The plot function of Gadfly

Using a package

Within each session you must first bring the package features into your workspace with the using command. Here is how we load the Gadfly package which will draw our graphics:

using Gadfly

If you wanted to use Winston's graphics, then the command would be using Winston.

Actually plotting

The most basic usage for plotting a function follows this pattern:

plot(function_object, from, to)

as in

plot(sin, 0, 2pi)

That creates the graphic. If you are working within IJulia it will be automatically displayed as an SVG file that allows you to zoom and pan with the mouse.

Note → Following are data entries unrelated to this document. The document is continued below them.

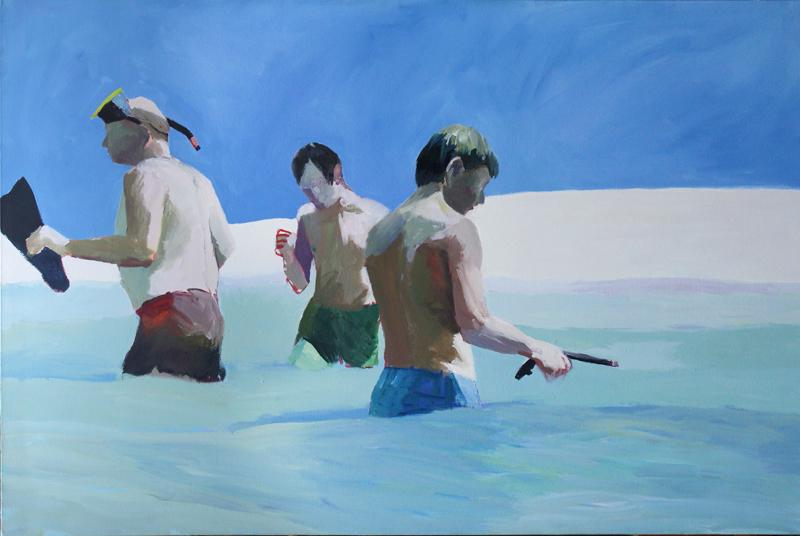 Ken Durkin (20 th /21 st Century) California: THREE MEN AT BEACH, 1986, oil painting on canvas, signed and dated on verso, 48 x 72”.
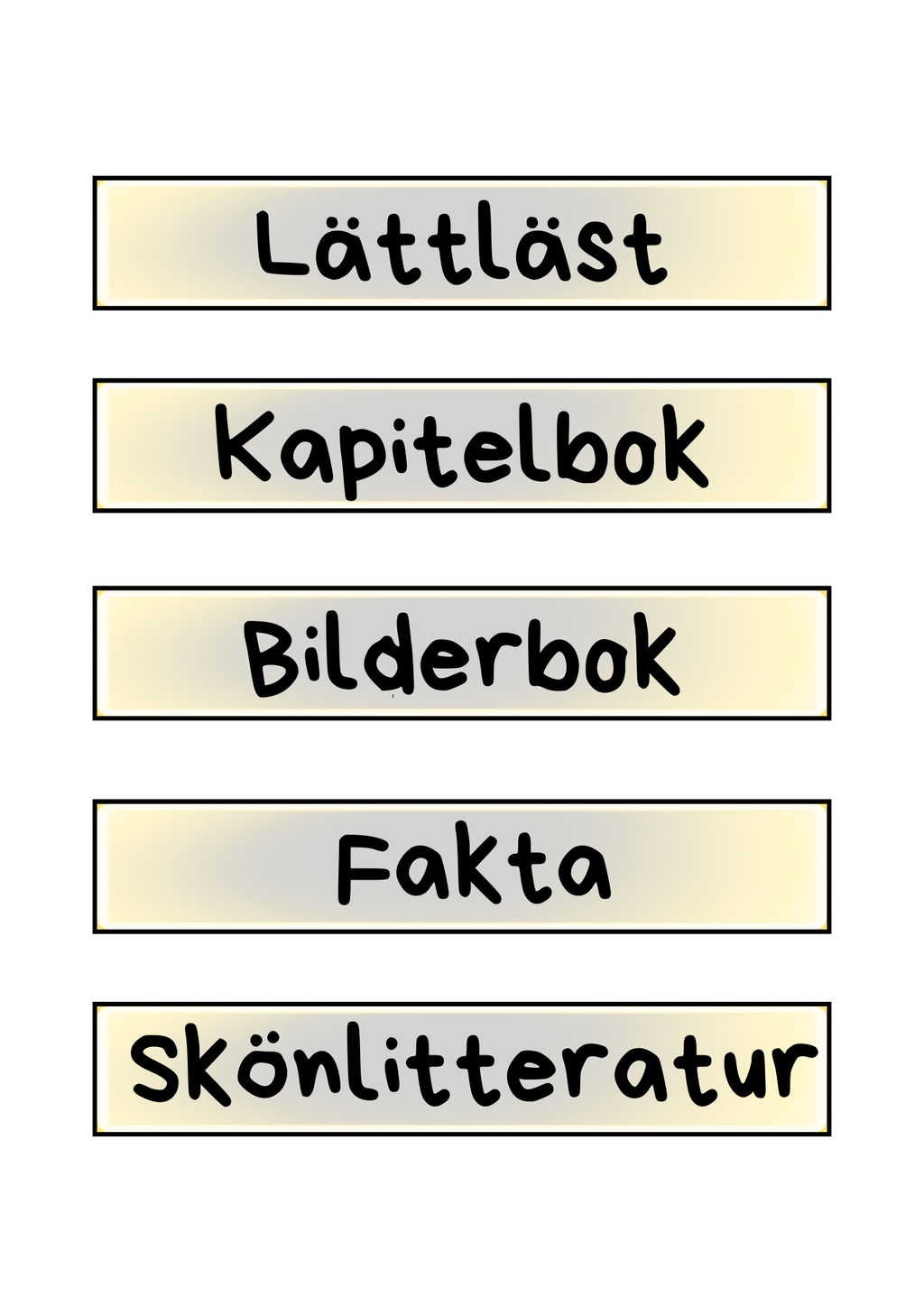 Klassrumsbibliotek skyltar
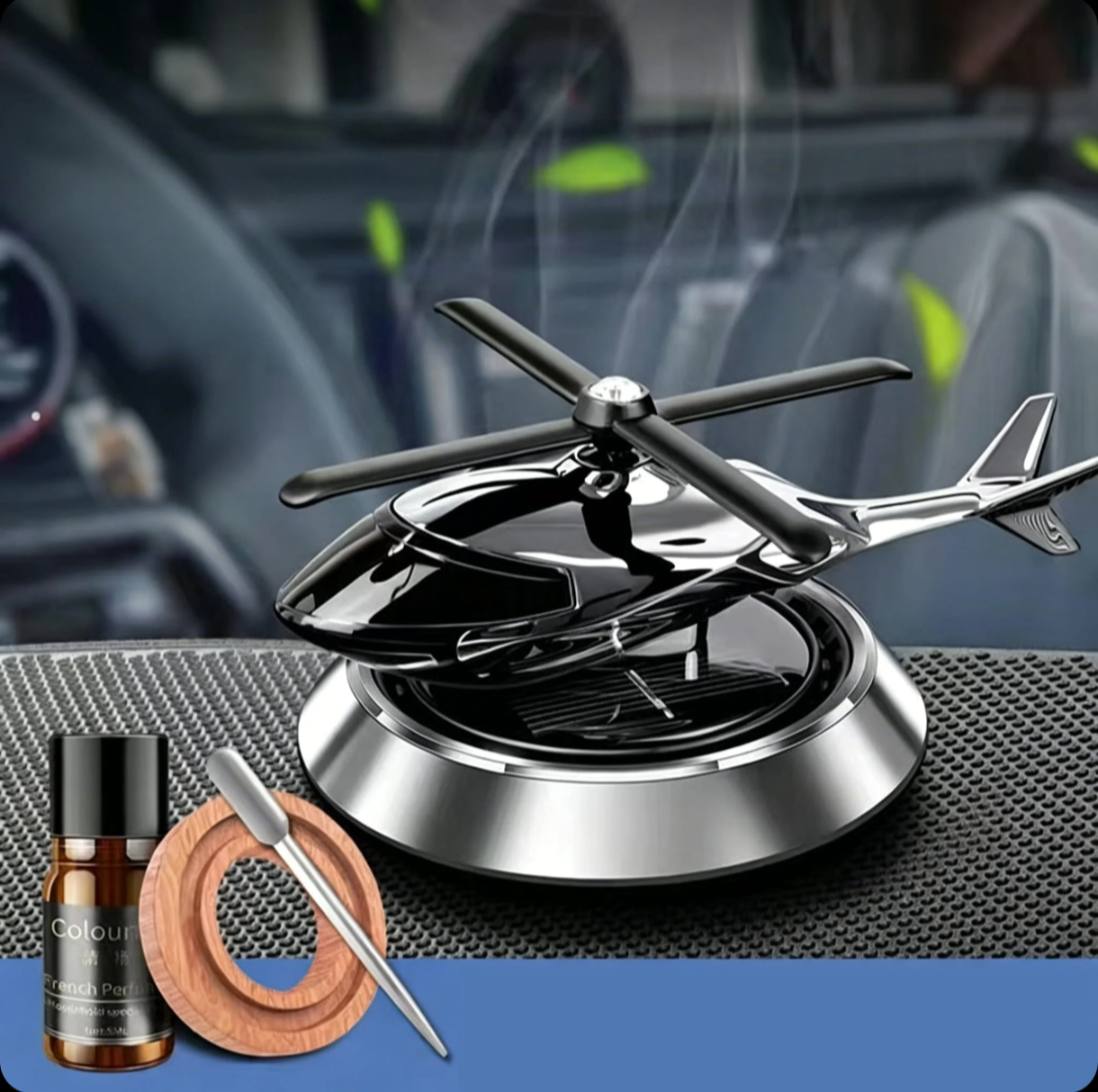 Solar Airplane Car Fragrance Essential Oil Diffusers Automotive Interior Universal Decorative Accessories, Mute Car Perfume, Silver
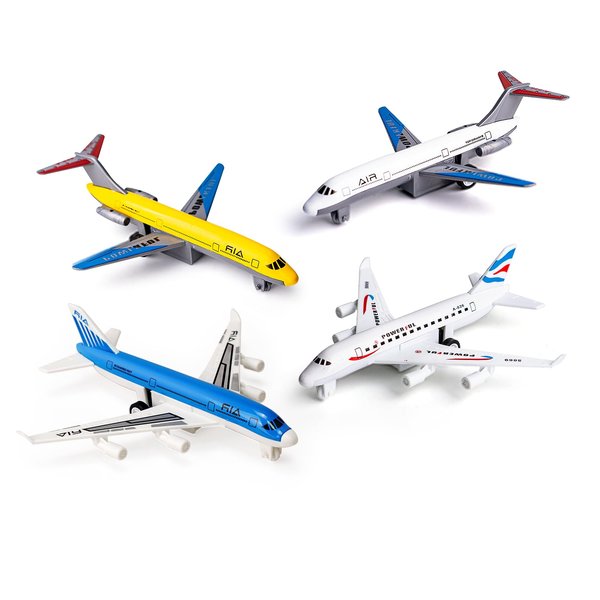 Bigefeixu 4 Pack Airplane Toys, Metal Plane Pull Back Airplane Toys for 3 4 5 6 Years Old Boys Girls, Die Cast Aircraft Plane Models, Kids' Play Vehicles Aeroplane Airplanes for Kids Birthday Gifts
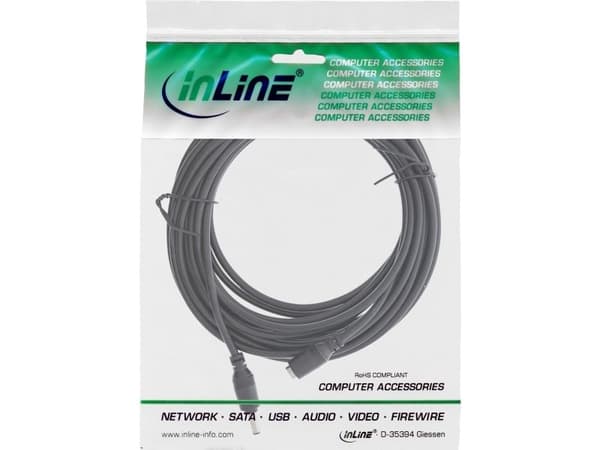 InLine 40157Y, Strömkabel, Svart, 10 mm, 5000 mm, 10 mm, 92 g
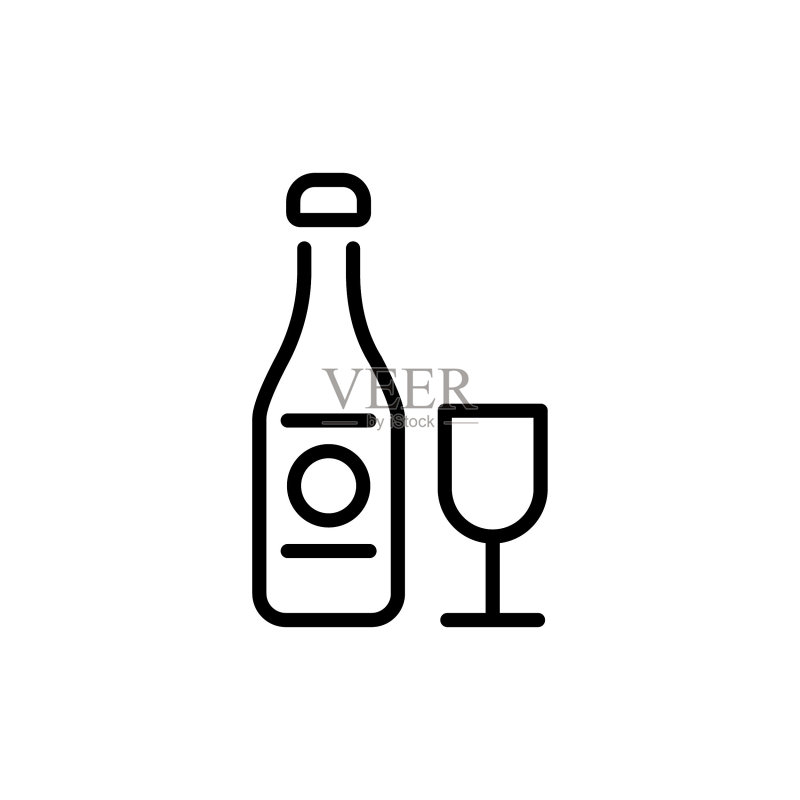 香槟酒图标矢量图,标志图标素材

The size of the graphics produced can be adjusted through a command like: set_default_plot_size(9inch, 6inch).

If working from a command line, Gadfly plots will be rendered in a browser. If desired, plots can also be written to a file using the draw function.

The above example used sin a function object. We can also use anonymous functions which are useful for one-off usage:

plot(x -> exp(x) + exp(-x), -2, 2) 

The last two examples show the two styles you can use to specify the function object. Either you have a name for the function object, such as sin, of 'f' (with no (x)!) or an anonymous function.

Again, we plot a function, this time a basic polynomial:

f(x) = x^2 - 2x + 2
plot(f, -3, 3) 

Using an anonymous function, we now graph that same function squared:

plot(x -> f(x)^2, -3, 3)

Inf, NaN values

Gadfly plots functions by creating about 250 paired points \((x, f(x))\), plots these, then connects the points with line segments. In the 250 function evaluations, it is of course quite possible that some of the points will return Inf or NaN.

The values which are Inf can not reasonably be plotted and when encountered Gadfly will issue a BoundsError, as in the value is out of bounds.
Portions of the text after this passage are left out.